(Beginning of MATERIAL PROVIDED)

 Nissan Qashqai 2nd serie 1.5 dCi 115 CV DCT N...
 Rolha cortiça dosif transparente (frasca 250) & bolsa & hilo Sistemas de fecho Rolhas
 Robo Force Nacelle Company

(End of MATERIAL PROVIDED)

* **WORK INSTRUCTIONS**: Transcribe the material above word for word.

* **SOLUTION**:
 Nissan Qashqai 2nd serie 1.5 dCi 115 CV DCT N...
 Rolha cortiça dosif transparente (frasca 250) & bolsa & hilo Sistemas de fecho Rolhas
 Robo Force Nacelle Company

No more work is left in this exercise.